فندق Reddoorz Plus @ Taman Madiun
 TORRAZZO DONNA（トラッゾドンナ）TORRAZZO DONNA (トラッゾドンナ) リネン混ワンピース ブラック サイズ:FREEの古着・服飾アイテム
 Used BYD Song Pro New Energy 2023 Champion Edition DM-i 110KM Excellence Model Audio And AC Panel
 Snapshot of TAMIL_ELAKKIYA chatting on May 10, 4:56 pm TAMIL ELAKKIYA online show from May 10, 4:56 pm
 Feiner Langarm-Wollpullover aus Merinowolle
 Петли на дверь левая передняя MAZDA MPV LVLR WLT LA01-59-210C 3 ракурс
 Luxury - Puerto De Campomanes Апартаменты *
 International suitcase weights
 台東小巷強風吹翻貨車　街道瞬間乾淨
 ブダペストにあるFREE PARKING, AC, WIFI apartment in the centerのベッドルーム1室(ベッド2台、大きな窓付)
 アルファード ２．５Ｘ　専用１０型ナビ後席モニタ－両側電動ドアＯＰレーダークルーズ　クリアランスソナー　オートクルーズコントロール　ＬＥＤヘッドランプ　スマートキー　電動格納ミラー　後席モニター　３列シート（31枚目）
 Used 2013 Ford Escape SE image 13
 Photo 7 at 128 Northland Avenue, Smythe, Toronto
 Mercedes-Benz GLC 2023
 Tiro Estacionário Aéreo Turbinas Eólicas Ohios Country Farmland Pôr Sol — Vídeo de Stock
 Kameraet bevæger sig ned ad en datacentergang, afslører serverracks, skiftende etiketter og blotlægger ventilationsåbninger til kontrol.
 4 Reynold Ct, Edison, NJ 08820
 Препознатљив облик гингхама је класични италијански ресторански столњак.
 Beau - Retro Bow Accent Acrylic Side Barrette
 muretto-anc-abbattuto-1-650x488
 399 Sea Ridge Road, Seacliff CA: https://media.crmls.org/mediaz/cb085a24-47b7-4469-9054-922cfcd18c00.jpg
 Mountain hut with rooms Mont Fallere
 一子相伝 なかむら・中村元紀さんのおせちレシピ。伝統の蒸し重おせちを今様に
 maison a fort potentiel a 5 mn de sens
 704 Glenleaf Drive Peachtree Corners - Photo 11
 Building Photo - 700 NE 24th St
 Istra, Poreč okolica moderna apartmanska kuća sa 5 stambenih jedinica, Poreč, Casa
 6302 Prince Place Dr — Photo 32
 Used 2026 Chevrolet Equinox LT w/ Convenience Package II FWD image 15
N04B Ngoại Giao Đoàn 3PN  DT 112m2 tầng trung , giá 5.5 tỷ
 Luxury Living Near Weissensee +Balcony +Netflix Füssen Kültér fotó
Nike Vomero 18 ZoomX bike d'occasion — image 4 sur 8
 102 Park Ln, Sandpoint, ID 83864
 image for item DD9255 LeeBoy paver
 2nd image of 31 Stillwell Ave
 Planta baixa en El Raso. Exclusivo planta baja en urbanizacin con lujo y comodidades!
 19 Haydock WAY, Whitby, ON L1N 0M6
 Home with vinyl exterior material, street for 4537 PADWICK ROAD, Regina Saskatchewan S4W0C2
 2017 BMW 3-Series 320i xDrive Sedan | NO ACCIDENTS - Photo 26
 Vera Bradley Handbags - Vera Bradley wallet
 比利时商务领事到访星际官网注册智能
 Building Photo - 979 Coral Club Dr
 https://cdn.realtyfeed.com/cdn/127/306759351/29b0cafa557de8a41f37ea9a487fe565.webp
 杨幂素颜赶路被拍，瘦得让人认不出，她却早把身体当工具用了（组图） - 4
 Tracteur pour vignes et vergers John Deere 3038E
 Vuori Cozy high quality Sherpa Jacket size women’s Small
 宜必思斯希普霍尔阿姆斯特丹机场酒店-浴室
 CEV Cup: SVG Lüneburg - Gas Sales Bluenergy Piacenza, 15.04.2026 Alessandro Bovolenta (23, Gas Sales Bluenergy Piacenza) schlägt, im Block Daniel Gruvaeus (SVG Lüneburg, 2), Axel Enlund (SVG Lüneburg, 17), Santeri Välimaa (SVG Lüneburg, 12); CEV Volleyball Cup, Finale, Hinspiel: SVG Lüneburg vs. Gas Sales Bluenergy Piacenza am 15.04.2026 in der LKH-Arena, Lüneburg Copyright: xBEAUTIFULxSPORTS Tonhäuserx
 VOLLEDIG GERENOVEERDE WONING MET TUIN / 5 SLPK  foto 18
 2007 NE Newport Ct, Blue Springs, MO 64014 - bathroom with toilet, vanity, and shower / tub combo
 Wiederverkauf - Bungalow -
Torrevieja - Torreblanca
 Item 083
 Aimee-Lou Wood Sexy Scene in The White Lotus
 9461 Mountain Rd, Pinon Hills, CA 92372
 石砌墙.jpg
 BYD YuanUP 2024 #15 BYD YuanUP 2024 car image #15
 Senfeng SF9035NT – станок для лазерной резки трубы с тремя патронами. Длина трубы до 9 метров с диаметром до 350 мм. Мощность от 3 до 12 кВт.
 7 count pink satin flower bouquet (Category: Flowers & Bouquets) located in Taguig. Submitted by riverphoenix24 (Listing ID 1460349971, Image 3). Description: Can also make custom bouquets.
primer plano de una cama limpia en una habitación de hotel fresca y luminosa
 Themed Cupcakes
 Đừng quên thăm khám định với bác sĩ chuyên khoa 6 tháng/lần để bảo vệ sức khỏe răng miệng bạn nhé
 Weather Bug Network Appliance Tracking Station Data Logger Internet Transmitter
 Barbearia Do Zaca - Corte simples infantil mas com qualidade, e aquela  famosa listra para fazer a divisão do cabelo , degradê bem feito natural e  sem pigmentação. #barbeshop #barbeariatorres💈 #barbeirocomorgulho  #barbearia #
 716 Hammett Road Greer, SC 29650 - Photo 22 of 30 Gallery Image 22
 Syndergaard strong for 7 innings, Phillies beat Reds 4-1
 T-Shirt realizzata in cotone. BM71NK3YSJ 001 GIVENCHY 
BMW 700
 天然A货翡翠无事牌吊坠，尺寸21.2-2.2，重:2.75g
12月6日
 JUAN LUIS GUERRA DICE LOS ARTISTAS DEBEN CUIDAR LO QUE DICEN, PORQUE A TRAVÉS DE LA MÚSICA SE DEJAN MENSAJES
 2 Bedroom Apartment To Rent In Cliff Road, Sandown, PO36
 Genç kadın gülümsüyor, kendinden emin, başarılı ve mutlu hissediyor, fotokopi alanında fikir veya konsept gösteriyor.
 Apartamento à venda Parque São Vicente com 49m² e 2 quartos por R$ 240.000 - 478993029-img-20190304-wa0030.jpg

■ ■ ■ ■ ■ ■ ■

» **WHAT YOU ARE ASKED TO DO**:
Your answer should be the exact lines above from the one with "399 Sea Ridge" through the one with "6302 Prince Place Dr — Photo 32", both included, and nothing besides.

» **FINISHED TASK**:
 399 Sea Ridge Road, Seacliff CA: https://media.crmls.org/mediaz/cb085a24-47b7-4469-9054-922cfcd18c00.jpg
 Mountain hut with rooms Mont Fallere
 一子相伝 なかむら・中村元紀さんのおせちレシピ。伝統の蒸し重おせちを今様に
 maison a fort potentiel a 5 mn de sens
 704 Glenleaf Drive Peachtree Corners - Photo 11
 Building Photo - 700 NE 24th St
 Istra, Poreč okolica moderna apartmanska kuća sa 5 stambenih jedinica, Poreč, Casa
 6302 Prince Place Dr — Photo 32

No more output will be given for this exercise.